La encuesta de YouGov muestra un mapa de opinión pública con marcadas diferencias dentro de la familia real británica. Mientras los príncipes William y Kate encabezan el ranking con niveles de aprobación superiores al 70%, otras figuras acumulan elevados porcentajes de imagen negativa.

El contraste más pronunciado se observa, como ya vimos, en el caso de Andrew Mountbatten Windsor, pero también en los duques de Sussex, Harry y Meghan, que registran más opiniones desfavorables que positivas.

Una monarquía estable pese a la crisis reputacional

Pese a la turbulencia interna y la cobertura internacional sobre la detención de Andrew, expertos y legisladores coinciden en que la base de apoyo a la monarquía permanece sólida, aunque con ciertas tensiones, especialmente entre generaciones más jóvenes.

Y es que el escándalo del exduque reinició el debate sobre la relevancia y el papel de la Corona en el siglo XXI, pero no provocó una caída abrupta de la institucionalidad ni de su respaldo popular en líneas generales.

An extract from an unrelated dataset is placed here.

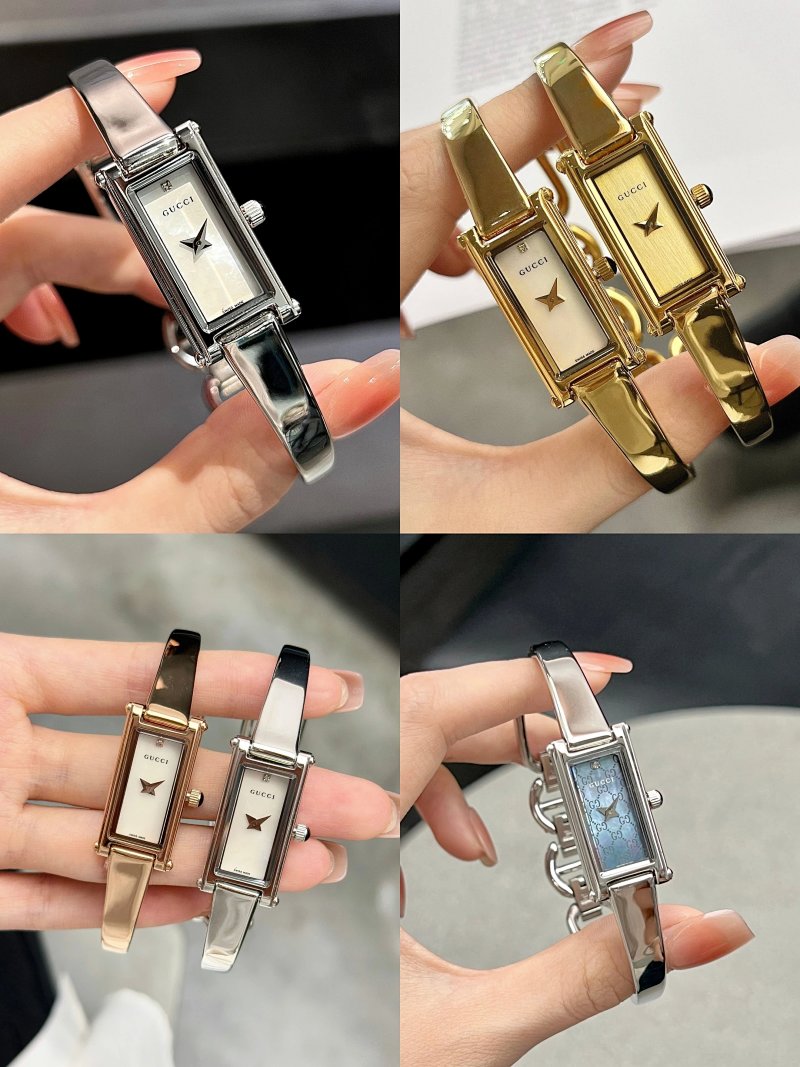 Gucci watch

Statista acota que este apoyo está estrechamente relacionado con  la edad , ya que los grupos de mayor edad son mucho más propensos a apoyar la monarquía que los más jóvenes. Solo el 40 % de los jóvenes de entre 18 y 24 años apoyó la monarquía, en comparación con el 82 % de los mayores de 65 años.

El resultado de estas encuestas sugiere que, incluso en momentos de crisis, la monarquía británica conserva una mayoría de respaldo entre la población, apoyada en figuras como el rey Carlos III y los príncipes William y Kate. No obstante, el rechazo masivo a Andrew subraya las fracturas internas en la percepción pública, marcando un antes y un después en la valoración de los miembros de la familia real.

¿Cuales han sido los mayores cambios en popularidad?

En los últimos años de su reinado, la Reina fue vista generalmente con buenos ojos por el público británico, a pesar de algunos cambios significativos en la opinión sobre otros miembros de la Familia Real, de acuerdo con Statista. En particular, el príncipe Harry, quien alguna vez fue uno de los miembros más populares de la Familia Real, ha visto caer la proporción de británicos que lo ven con buenos ojos del 71% en 2019 a tan solo el 25% en mayo de 2023. El actual monarca, Carlos III, ganó popularidad gradualmente durante un período similar, con un 66% de opinión positiva sobre él en febrero de 2024, en comparación con el 58% en 2020.